In a sports stadium in South London last Sunday, a handsome Scottish fellow offered evidence that, if you try hard enough, you can achieve almost anything. He’s not the most talented fellow in his line of work. He’s not the most graceful. But there’s unbreakable will there. Oh, I’ll stop this now. You’ve all read the headline. So, you know that I am talking about Gerard Butler, not Andy Murray (or not so much).

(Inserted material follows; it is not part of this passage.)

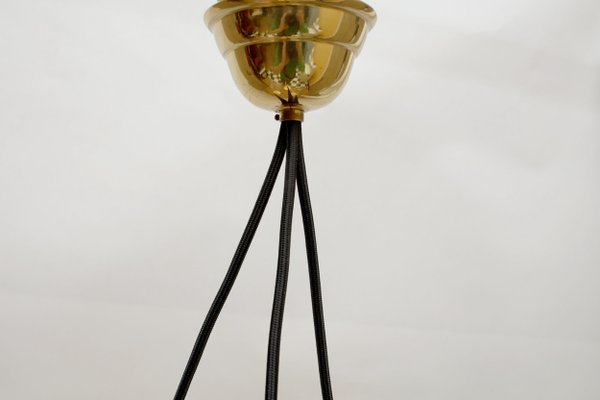 Italian Opaline Glass and Brass Triangle Ceiling Lamp, 1950s-PF-620732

The camera lingered a while on Victoria Beckham. It spent some time with David Cameron. But the editor seemed particularly interested in Gerard Butler (raised only about 50 miles from Andy’s home in Dublane) and his good mate Bradley Cooper. What with his Oscar nomination, his good reviews and his ice-cream commercials and all, Mr Cooper is probably the more respectable of the two. But our Gerry (he calls himself that in America to avoid being referred to as GerARD) might just be the more bankable.

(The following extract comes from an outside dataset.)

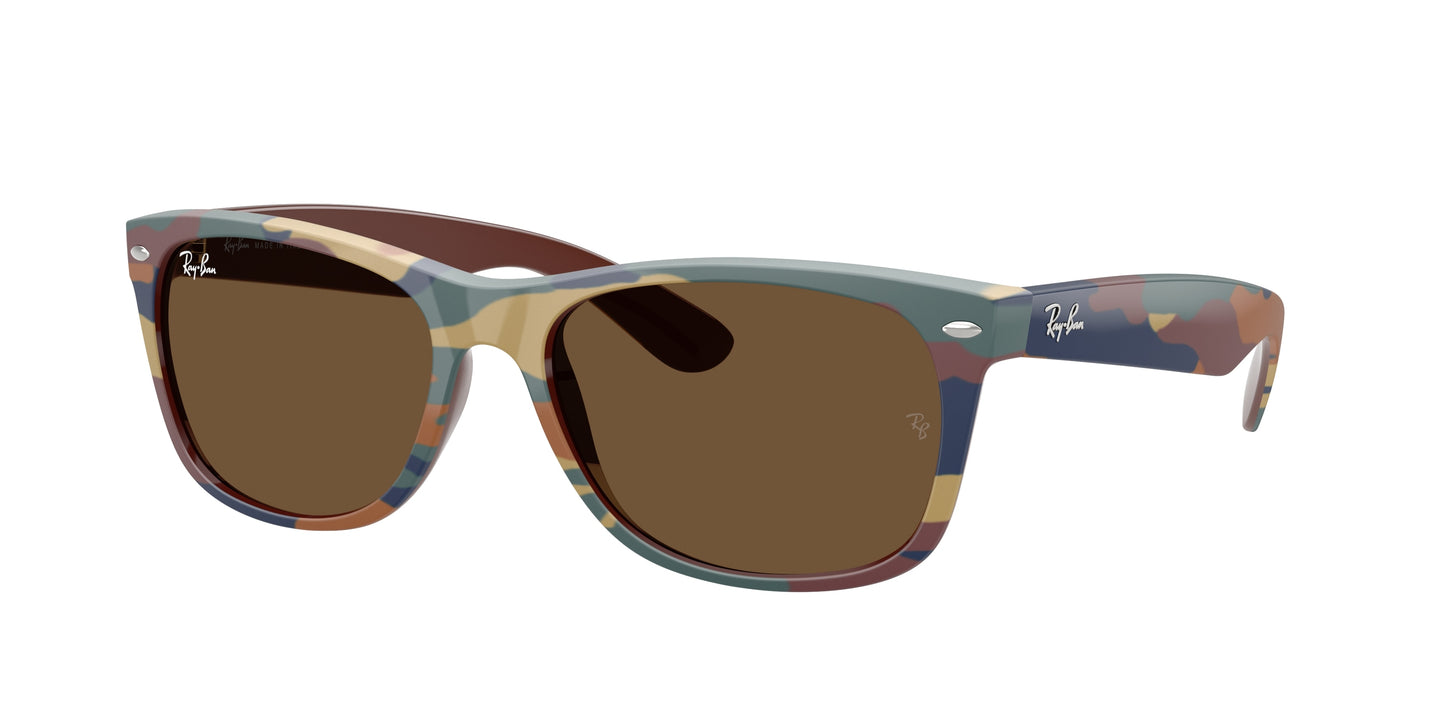 Ray-Ban NEW WAYFARER RB2132 Square Sunglasses  682533-Brown & Blue Camuflage 55-145-18 - Color Map Brown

Braw! Help ma’ boab! Jings! Oor Andy scored a goal!
This is a pretty remarkable turnaround. On at least two occasions, Butler seemed (in career terms at least) as good as dead. Deep fry him with the Mars Bars, Morag. He’s pub food. Now, Butler occupies a special place in my heart. He was one of the first people I interviewed for this newspaper. Heed this. Thirteen years ago, Butler appeared as the title character in an almost entirely dreadful film called Dracula 2000 (its European release was so delayed, it ended up being called Dracula 2001 here). He seemed nice. He was very accommodating. He laughed at all my jokes. But the film was so awful we didn’t think its star was going anywhere. So, the interview remained unattended on the MiniDisc and we used my chat with costar Jonny Lee Miller instead.

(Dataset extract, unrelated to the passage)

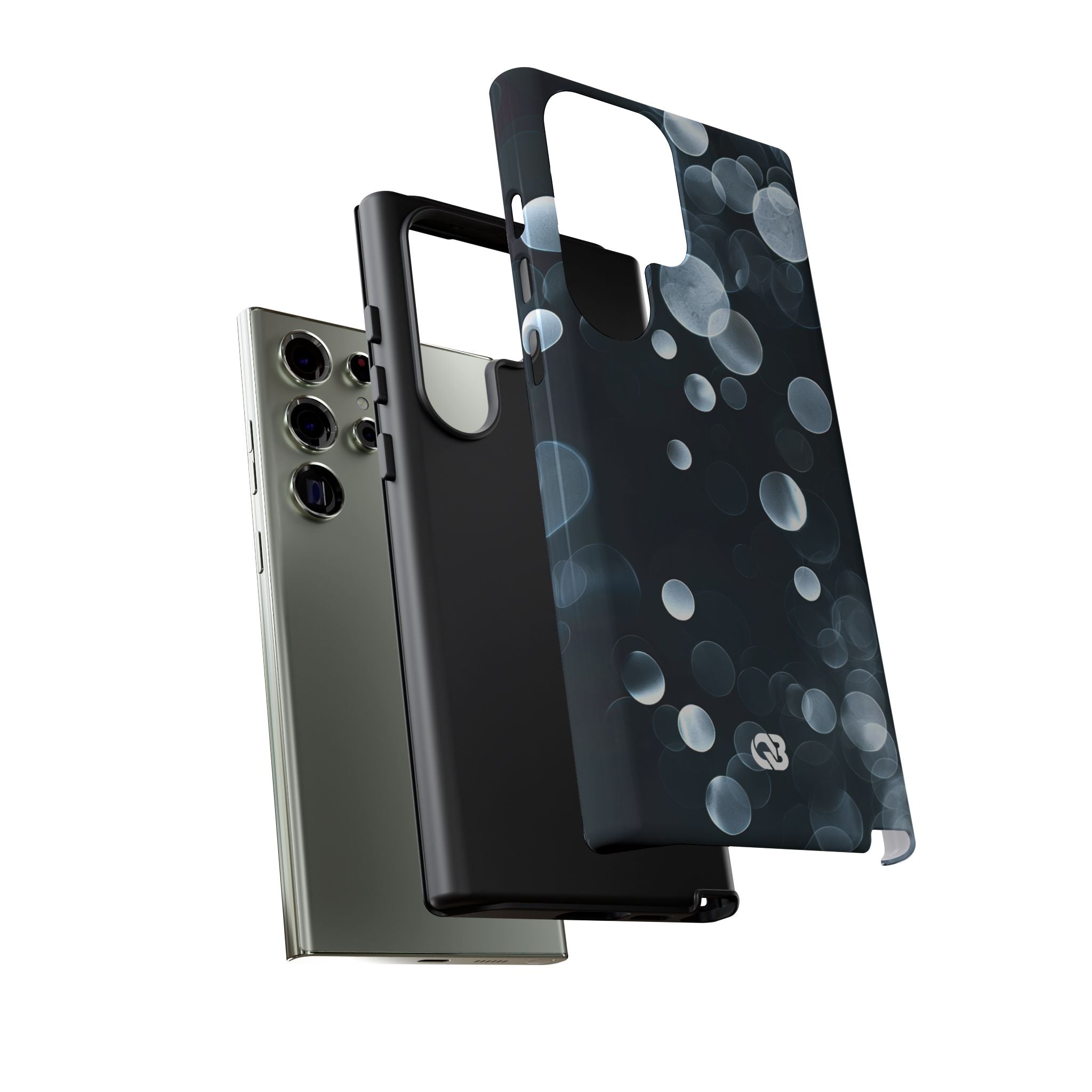 Black Tough Phone Case for Samsung - Silver Orbit Glow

Time passed. Butler, who had already been acting for many years, drifted back to supporting roles and telly. We all knew where this was going. Better actors than him have ended up playing the guy who didn’t actually murder the old lady in Taggart. Hang on. There he was in Tomb Raider. That second spurt of fame didn’t stick. Ah hah! Joel Schumacher has cast him in Phantom of the Opera. Now, that’s the sort of role that makes stars. Not if the film is a spectacular flop it doesn’t. I really felt that the Phantom debacle would kill Butler’s career off for good. This was 2004.
Who would have guessed that an epic about the Battle of Thermopylae would finally do the trick? Ever since 300 was released in 2007, Butler — then nearly 40 — has been a proper sort of movie star. You can see why. He’s good looking in a dissolute barman sort of way. He can shout better than anybody. Now, it’s true that his American accent is terrible, but, bizarrely, the Americans don’t seem to mind very much. If they don’t, why should we?
Confirmation of his rise came this summer when two very similar projects entered US cinemas. Olympus Has Fallen starred Butler as a ruffian who rescues the president when terrorists attack the White House. White House Down starred Channing Tatum as a ruffian who saves the President when terrorists attack the White House. Get out of here, Tatum! Back to your dancing, ye wee skite! White House Down opened with $24 million. Olympus Has Fallen managed $30 million. And we reckon the Butler film cost a lot less.
Obviously, Butler has been in flops. The unheralded (and unscreened to the press) Chasing Mavericks might still be in cinemas as you read this. But he will remain bankable for a while. And he’s fun to watch. Heck, he was the best thing in Ralph Fiennes’s Coriolanus. I’m not sure you’d call that “acting”, mind you. So what. Worse performers have won Oscars.